Timeball Station dismantling process begins

By Paul Harper

The historic Timeball Station, which overlooks Lyttleton, will be slowly dismantled over the next three months. Photo / Brett Phibbs
The historic Timeball Station, which overlooks Lyttleton, will be slowly dismantled over the next three months. Photo / Brett Phibbs

Whatever building is built in the place of the quake-damaged Timeball Station in Lyttelton, it is hoped it can incorporate the iconic building's timeball mechanism, the Historic Places Trust says.

Cranes are arriving on site today to begin the slow process of dismantling the Category 1 historic building.

Historic Places Trust spokeswoman Priscilla Pitts told Radio New Zealand the 134-year-old building had sustained minor damage in the September 4 earthquake and plans were in place to repair it, but the February quake had damaged the building beyond repair.

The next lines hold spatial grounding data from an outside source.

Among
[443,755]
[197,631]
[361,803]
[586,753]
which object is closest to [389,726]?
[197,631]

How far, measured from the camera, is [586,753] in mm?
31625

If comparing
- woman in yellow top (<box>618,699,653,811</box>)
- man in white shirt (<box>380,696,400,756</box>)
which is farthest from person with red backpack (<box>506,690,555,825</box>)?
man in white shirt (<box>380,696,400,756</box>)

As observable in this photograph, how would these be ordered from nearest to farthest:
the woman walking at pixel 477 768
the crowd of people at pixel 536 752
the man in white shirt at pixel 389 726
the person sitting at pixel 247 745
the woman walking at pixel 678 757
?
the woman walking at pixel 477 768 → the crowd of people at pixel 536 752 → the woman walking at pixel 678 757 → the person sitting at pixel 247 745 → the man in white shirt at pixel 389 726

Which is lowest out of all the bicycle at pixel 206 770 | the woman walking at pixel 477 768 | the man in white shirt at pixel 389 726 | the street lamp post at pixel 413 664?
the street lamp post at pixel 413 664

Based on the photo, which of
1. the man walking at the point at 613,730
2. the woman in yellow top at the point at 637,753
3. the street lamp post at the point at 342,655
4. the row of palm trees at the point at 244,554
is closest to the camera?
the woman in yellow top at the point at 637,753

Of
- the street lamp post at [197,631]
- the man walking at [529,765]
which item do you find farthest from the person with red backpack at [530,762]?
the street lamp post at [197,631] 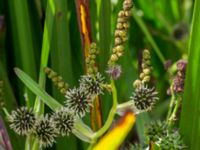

"A huge section of one side of it has dropped out, the tower which houses the timeball mechanism is very badly cracked and is probably only being held together by the strengthening that has been done at the top of the tower.

"Every aftershock we've had a little bit more damage happens. It really is in a bad way."

Ms Pitts said as the building is being "dismantled" not demolished, each piece of material is being marked and stored to aid a potential future rebuild. The process is expected to take three months.

"We are going to be taking it done as best we can and with safety paramount, stone by stone, and piece by piece."

Once the building is stable the dismantling will cease and the next steps will be worked out from there.

"We will almost certainly be building something on that site - whether we will be replicating the former timeball completely, we don't know."

The Timeball Station was built in 1876 and was one of only five working Timeball stations in the world.

Flags at the station were used to communicate shipping advice to the town and its ball slowly dropped to signal the time to ships in the harbour.

Ms Pitts believed the timeball mechanism, which had been restored in recent years, was still intact. She is hopeful what will be built on the site will incorporate the working timeball.

"That's the point of the site in a way, that's what makes it such a key historic place, both nationally and internationally.

The building is insured, Ms Pitts said, and the Historic Places Trust has received offers of funding.

The project will "probably one the biggest" the trust has ever undertaken, and believed it will cost in the "millions" of dollars.